Unfortunately, the factors of 14641 are {1,11,121,1331} which sum to 1464.
According to https://oeis.org/A005114/b005114.txt
There are 1212 not 1,216 untouchable numbers <= 10,000
There are 13,863 not 13,886 untouchable numbers <= 100,000 --Pete Lomax (talk) 08:50, 9 February 2021 (UTC)

Yes, I see that I need to extend the search for each range of untouchable numbers.   A fix (hopefully) will be forthcoming.   Thanks for finding those errors in the REXX's output.     -- Gerard Schildberger (talk) 09:00, 9 February 2021 (UTC)
That certainly slowed up the search when I extended the search field.     -- Gerard Schildberger (talk) 09:14, 9 February 2021 (UTC)
To match up to 1e5 I increased the limit to 18*n, a tactic I would deem rather unsound. Note added to the Phix entry. --Pete Lomax (talk) 09:17, 9 February 2021 (UTC)

## reduction in the number of (counting) ranges

I've reduced the number of ranges for counting untouchable numbers.     It seems the upper limit for searching for touchable numbers was far higher than I guesstimated.     -- Gerard Schildberger (talk) 09:28, 9 February 2021 (UTC)

## Number of untouchable numbers up to 1 million

According to one of the OEIS links there are 150,232 untouchable numbers up to 1e6 so it looks like the REXX result (150,233) is off by one here.

I've corrected the REXX output,   the incorrect count was computed with an overreach of   18,   not   20.     -- Gerard Schildberger (talk) 21:28, 11 February 2021 (UTC)

By running the Go program with a limit of 1e6 and a sieve factor of 20 (up from 14 for 1e5), I was in fact able to verify the figure of 150,232. Factors of 18 and 19 both gave 150,233 so there must be an 'awkward' number within this range which takes some eliminating. --PureFox (talk) 09:36, 11 February 2021 (UTC)

I've managed to isolate the 'awkward' number which is 816,422. The (first) number whose proper divisors sum to this is 19,175,641 its divisors being [1, 29, 151, 841, 4379, 22801, 126991, 661229]. This explains why we need a sieve factor between 19 and 20 to catch it since neither 816,421 or 816,419 is prime. --PureFox (talk) 11:33, 11 February 2021 (UTC)

That's mighty good detective work   ...   and a true dedicated ethic.     -- Gerard Schildberger (talk) 11:45, 11 February 2021 (UTC)
Yup, found that too, and wrote this before I saw your post: The factors of 19175641 aka 29*29*151*151 are {1,29,151,841,4379,22801,126991,661229}, aka {1,29,151,29*29,29*151,151*151,29*29*151,29*151*151}, which sum to 816422, in case that helps. Interestingly the "naughty boy" is a product of so few primes, and the original above, 14641 is 11*11*11*11. --Pete Lomax (talk) 11:50, 11 February 2021 (UTC)
Without something reliable to check against, I think that 1 million is probably as far as we can practically go. We could, of course, incrementally increase the sieve factor for higher limits until we appear to get a stable count but, judging by what it said in the Julia entry, there may still be the possibility of some outlier spoiling the party! --PureFox (talk) 14:23, 11 February 2021 (UTC)

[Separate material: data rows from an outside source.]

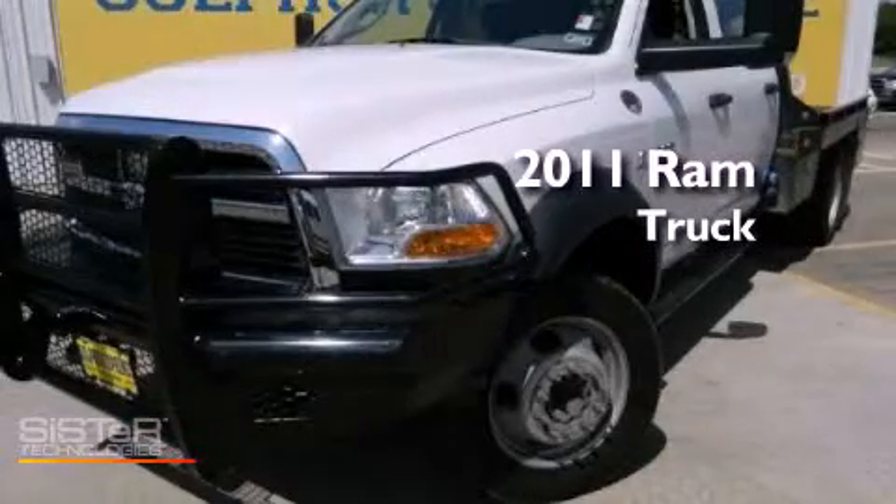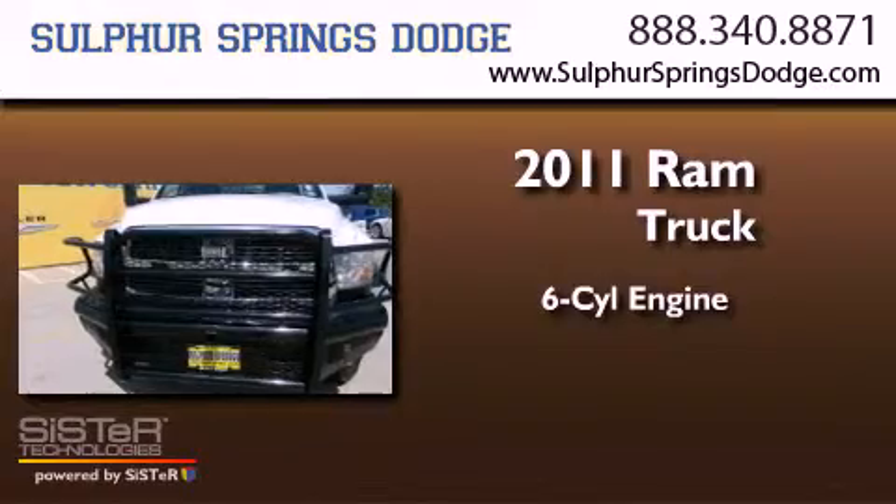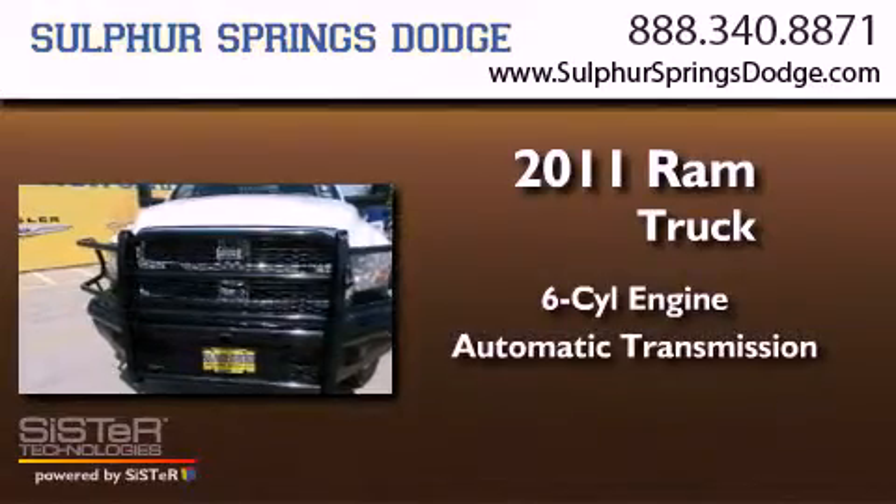This is a 2011 Ram truck. It has a six-cylinder engine, an automatic transmission, and four-wheel drive.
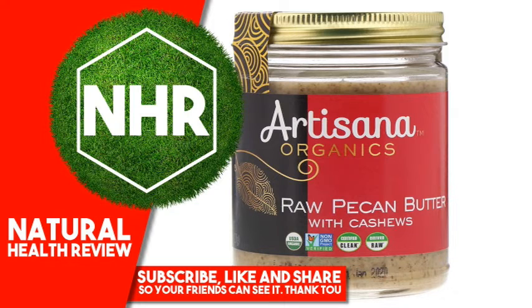Suggested use: Refrigeration not necessary. Stir before serving. Other ingredients: Organic Raw Pecans, Organic Raw Cashews.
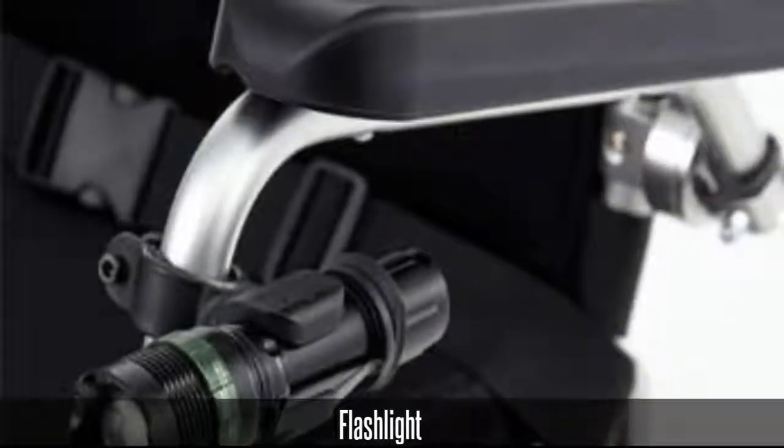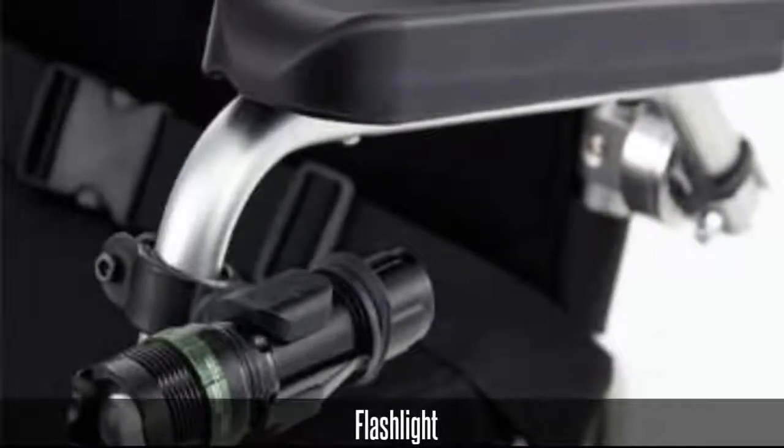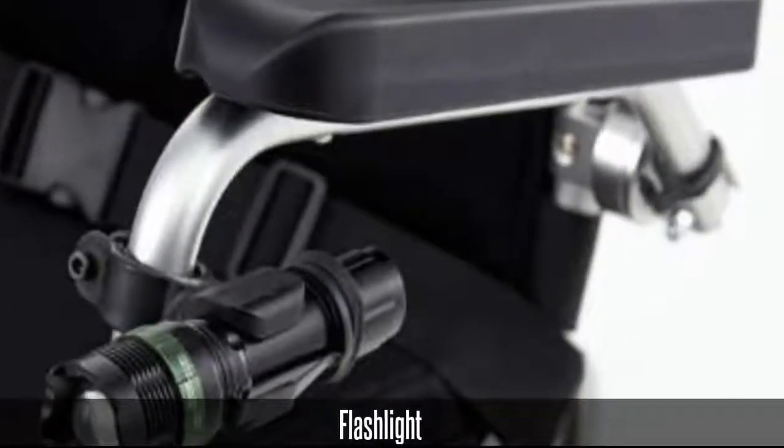Are you in the market for a power wheelchair or thinking of upgrading? KD Smart Chair comes with endless features and unbeatable mobility options. Check out this video to see all of the benefits our power chairs offer.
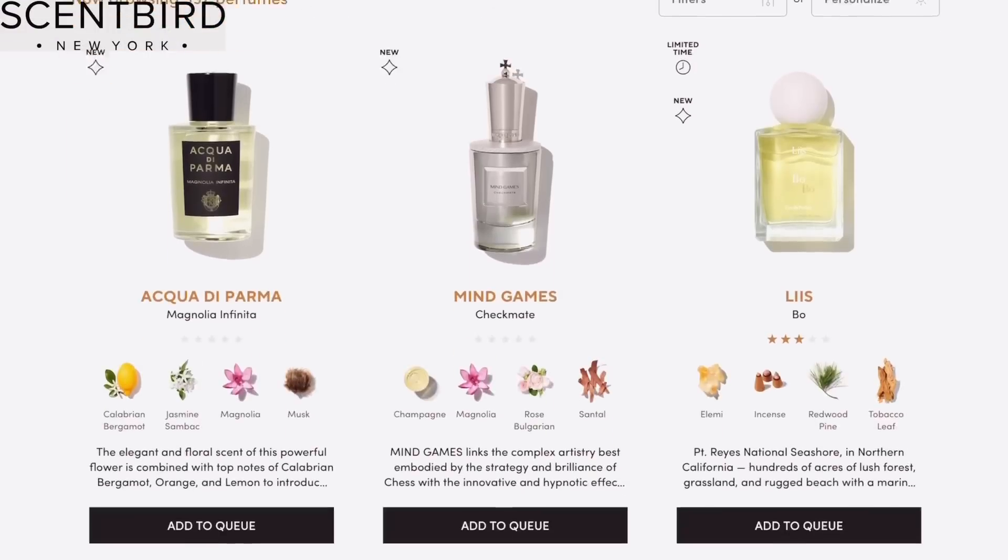Before we get started, I want to mention that this portion of the video is sponsored by Sandberg. Sandberg is a fragrance subscription service where you can discover, explore, and experience scents just for you. Here are some that I selected from the website.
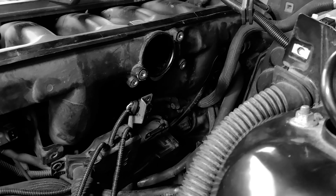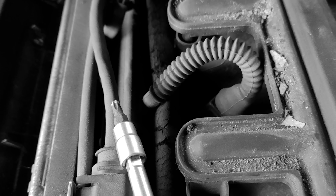Urmează apoi să schimb bujiile - o groază de chestii. După cum se vede, practic nu a fost umblat niciodată aici. Se poate vedea foarte clar chestia asta: este plin de pământ, furtunele sunt crăpate și vechi.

Sorry! Both the REXX and Go entries report 150,252 not 150,232 untouchable numbers up to 1 million (ouch!).
I will quickly add that it just took the Julia entry 58mins to get the correct result, on this box. --Pete Lomax (talk) 14:45, 13 February 2021 (UTC)

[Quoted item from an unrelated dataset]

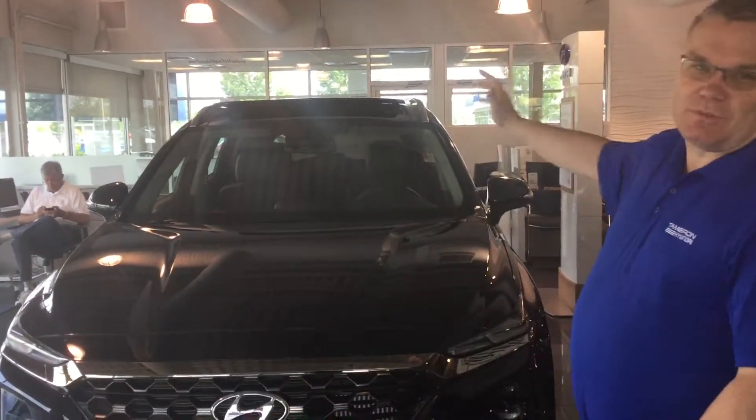Good morning and thank you for inquiring about the Hyundai Santa Fe. As you can see, I'm on the showroom and we have one right here behind me.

Doh, what a stupid and embarrassing mistake! I've reverted the Go entry back to a limit of 1e5 until I can find time to sort out the 1e6 figure. --PureFox (talk) 17:03, 13 February 2021 (UTC)
Well, after spending some time re-examining this, I think I may have to retire hurt as I'm not going to be able to get anywhere near Julia's time for a million untouchables.
Reverting to 100,000 untouchables where Julia was using a sieve limit of 32 million, it's time was only about 1.5 minutes on my machine. Rewriting the Go program to use a similar approach and, even after adding some optimizations, the time was about 11.5 minutes which is nearly 8 times slower! So, for a million untouchables and a sieve limit of 512 million, if Julia is taking just under an hour, the Go program will likely take north of 8 hours which is far more than I have the patience for.
I think the difference must be due to Julia having access to a very fast factorization routine in its Primes package which is then being used to calculate the sum of a number's proper divisors and is taking most of the time here. My own fairly simple approach must be relatively pedestrian.

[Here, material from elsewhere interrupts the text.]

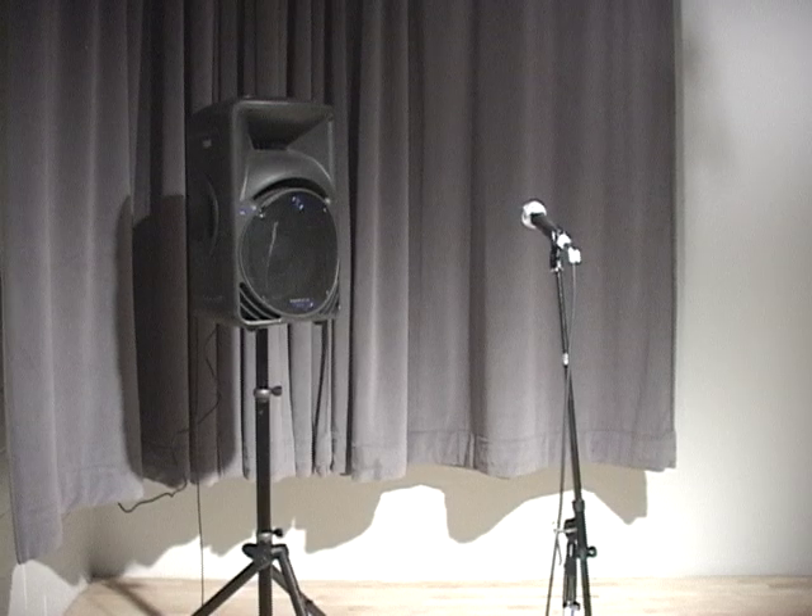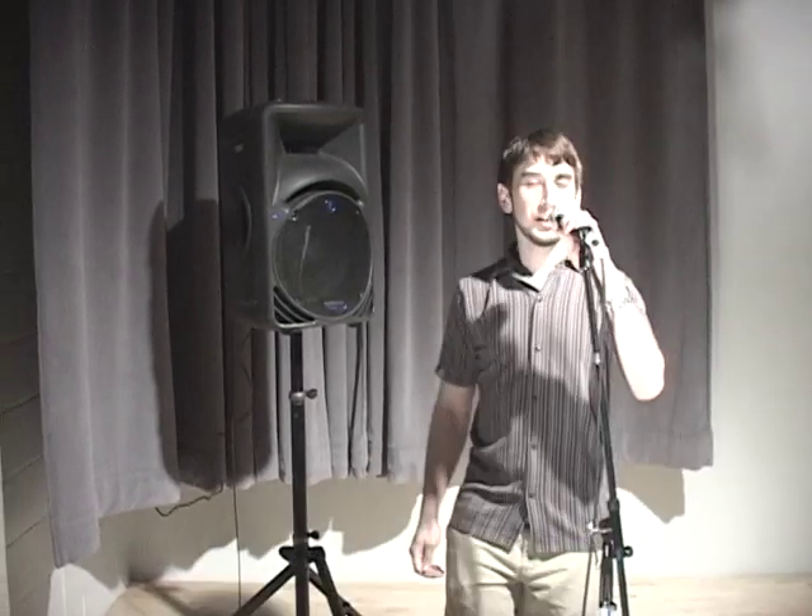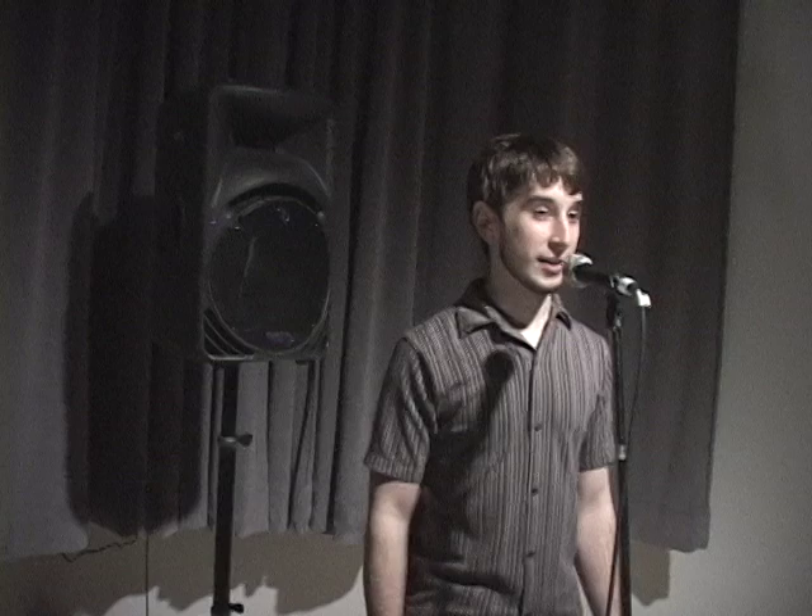Before you talk, look around to see where the loudspeakers are. If you can't see them, say a few words and listen to where the sound is coming from. Stay a reasonable distance from the loudspeakers. Try to keep yourself behind the loudspeakers and out of their on-axis coverage pattern, so the projected loudspeaker sound is not picked up by your microphone.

--PureFox (talk) 21:03, 13 February 2021 (UTC)

Rather than giving up altogether, I've gone back to the earlier approach of guessing how far you need to sieve up to in order to arrive at the correct answer. A few trial runs on lower values suggested a sieve factor of over 60 would be needed so I've used 64 which is what Pete has used in his latest Phix version and also optimized the original code a bit. Sure enough this produced the correct figure of 150,232 untouchable numbers <= 1 million in just over 31 minutes on my machine. Not quick by Go's usual standards but acceptable.
I'm going to play with it some more before posting on the main page. --PureFox (talk) 09:11, 14 February 2021 (UTC)
OK, i tried sieve factors of 62 and 63. The former was one off and the latter spot on so I'm going with that. The time was exactly the same as the factor 64 version because of another change I made to use less memory. I would, of course, have preferred to use a method which didn't involve any guessing such as Nigel's but the timing difference is just too great - the current Go program with a limit of 100,000 and a sieve factor of 14 takes only 6.2 seconds to run and is very easy to understand. --PureFox (talk) 16:36, 14 February 2021 (UTC)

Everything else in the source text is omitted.